Probably not much, even though there is some ecological damage, and the forces
that had created the mountainside had taken ten Ps and the mountain had stood
for several Ps thereafter. Is there nothing obscene about the fact that the
children’s destructive efforts were faster than all the natural erosion
combined?
Even so,
no one would bother much about that either until someone or some property got
seriously harmed.
But
suppose that the children pushed a precious rocking stone of about 100 tonnes,
till it tumbled down after Ps. Suppose there was someone hurt, and some
property damage? Would no one consider the deed obscene, and the loss of the
stone a source of grief? Would no one resent the loss of a tourist attraction?
By the
time the vandalism had got serious enough, practically everyone would regard
the deed as ethically unacceptable; even the children might agree in later
life, when contemplating their own past.
Take the
principle further: consider the loss of a great statue or building, with no one
injured, and each of the events could in principle have occurred spontaneously;
so how was there an ethical violation? If we felled the Eiffel tower, would
such a tolerant attitude sit comfortably with the French?
The
essence of that offence would lie in the fact of conscious choice and intention,
not to mention conflicting values.
Why limit
the concept to anything so large? What about say, smashing or burning a major
work of art or architecture? Remaining in France,
how about destroying Venus de Milo and
the Winged Victory of Samothrace?
Or in general, how about burning a great book of information or literature? Or
the last photographs of someone’s beloved?
On a large
scale, what about destroying an entire uninhabited planet, or stripping it of
sea and atmosphere, to prevent its being colonised?

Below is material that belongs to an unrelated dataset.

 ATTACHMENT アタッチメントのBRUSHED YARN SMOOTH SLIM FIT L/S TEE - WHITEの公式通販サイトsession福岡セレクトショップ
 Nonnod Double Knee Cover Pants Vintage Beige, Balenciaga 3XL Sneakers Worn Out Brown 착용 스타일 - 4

Or just wiping out a
particularly beautiful continent, on which a particularly fine civilisation was
planned to arise?
Consider
Arthur C. Clarke’s story “The Star” in which an entire populated planet was
destroyed, including a great civilisation. The same explosion might have
destroyed other planets, unoccupied, or without intelligent life, but ineffably
beautiful.
In all
those examples the loss or harm took the effect of destruction of something
that some people might care about, or that was not really replaceable, or
costly to replace.
In every
major destruction there would have been losses to the unverse, triumphs of
entropy.
It is
entirely reasonable for one’s values to react very negatively to any such
vandalism, irrespective of any pain or death. Any pointless increase of entropy
could be against widely held common values; values that are consistent with
progressive Darwinistic principles.
Entropy
and information are confusing concepts at best. If you like you may read about
some of its aspects at the related No Point
essay, or google entropy
and information. To get some idea of what functional
information has to do with ethics, imagine a sugar cube, on which a genius
has writes a message in food colouring for lack of handy paper. You don’t yet
know what the message is, but you know it is very important, or perhaps at
least very beautiful. Then he suddenly drops dead of a heart attack. You drop
the cube to call emergency services — too late of course, but one must: . .
When you
return, you discover that a scoundrel or a fool had dropped the cube into the
hot water that you had intended for your tea, and as sugar does in hot water,
it had dissolved. It is possible in principle to recover the sugar, and even
the food colouring, but the message?
Now, in
terms of physics, thermodynamics, the sugar solution, or the recovered food
colouring plus sugar still contain the same amount of information, or even
more, but you never will recover the message, and even if by magic you did find
the colouring back on the cube, the chances that it would contain the same
message, the same information, is effectively nil, and what is more, so are the
chances of your guessing whether what you then saw was the original intended message.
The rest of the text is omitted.